## Problem statement
All lines from the one containing "Garner Hotel Stuttgart" down to the final line of the entries below: return them exactly.

Short descriptive text snippets
• • • •
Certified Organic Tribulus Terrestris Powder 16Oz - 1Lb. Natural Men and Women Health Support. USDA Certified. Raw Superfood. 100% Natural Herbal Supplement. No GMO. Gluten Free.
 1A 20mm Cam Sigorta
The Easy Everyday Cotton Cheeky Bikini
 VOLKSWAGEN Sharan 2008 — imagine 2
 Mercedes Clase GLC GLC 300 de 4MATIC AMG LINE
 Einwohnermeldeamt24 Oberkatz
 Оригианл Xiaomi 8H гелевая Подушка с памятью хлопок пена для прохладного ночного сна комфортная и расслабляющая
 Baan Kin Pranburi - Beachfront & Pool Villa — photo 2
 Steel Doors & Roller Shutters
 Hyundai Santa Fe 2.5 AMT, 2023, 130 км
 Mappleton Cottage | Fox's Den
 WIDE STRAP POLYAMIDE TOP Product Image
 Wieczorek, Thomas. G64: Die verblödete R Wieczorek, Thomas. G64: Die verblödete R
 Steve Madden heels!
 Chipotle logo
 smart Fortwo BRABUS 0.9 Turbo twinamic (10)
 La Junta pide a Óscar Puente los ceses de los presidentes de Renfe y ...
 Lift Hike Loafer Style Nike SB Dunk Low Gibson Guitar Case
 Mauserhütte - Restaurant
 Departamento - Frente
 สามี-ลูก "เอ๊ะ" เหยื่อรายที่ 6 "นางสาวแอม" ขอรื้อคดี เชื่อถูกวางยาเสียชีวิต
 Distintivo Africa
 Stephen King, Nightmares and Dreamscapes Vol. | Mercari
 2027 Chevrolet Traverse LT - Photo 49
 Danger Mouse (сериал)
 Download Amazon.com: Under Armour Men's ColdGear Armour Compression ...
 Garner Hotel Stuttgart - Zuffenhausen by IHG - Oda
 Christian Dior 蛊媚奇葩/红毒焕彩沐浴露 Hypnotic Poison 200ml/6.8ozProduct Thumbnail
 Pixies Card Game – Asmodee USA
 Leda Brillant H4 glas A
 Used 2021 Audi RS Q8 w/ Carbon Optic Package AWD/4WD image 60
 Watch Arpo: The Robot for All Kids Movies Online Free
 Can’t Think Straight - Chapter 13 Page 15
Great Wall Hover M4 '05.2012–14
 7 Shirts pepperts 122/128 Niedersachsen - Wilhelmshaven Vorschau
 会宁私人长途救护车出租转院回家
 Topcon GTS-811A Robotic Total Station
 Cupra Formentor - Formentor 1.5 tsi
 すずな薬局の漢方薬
• • • •
## Answer to this task
 Garner Hotel Stuttgart - Zuffenhausen by IHG - Oda
 Christian Dior 蛊媚奇葩/红毒焕彩沐浴露 Hypnotic Poison 200ml/6.8ozProduct Thumbnail
 Pixies Card Game – Asmodee USA
 Leda Brillant H4 glas A
 Used 2021 Audi RS Q8 w/ Carbon Optic Package AWD/4WD image 60
 Watch Arpo: The Robot for All Kids Movies Online Free
 Can’t Think Straight - Chapter 13 Page 15
Great Wall Hover M4 '05.2012–14
 7 Shirts pepperts 122/128 Niedersachsen - Wilhelmshaven Vorschau
 会宁私人长途救护车出租转院回家
 Topcon GTS-811A Robotic Total Station
 Cupra Formentor - Formentor 1.5 tsi
 すずな薬局の漢方薬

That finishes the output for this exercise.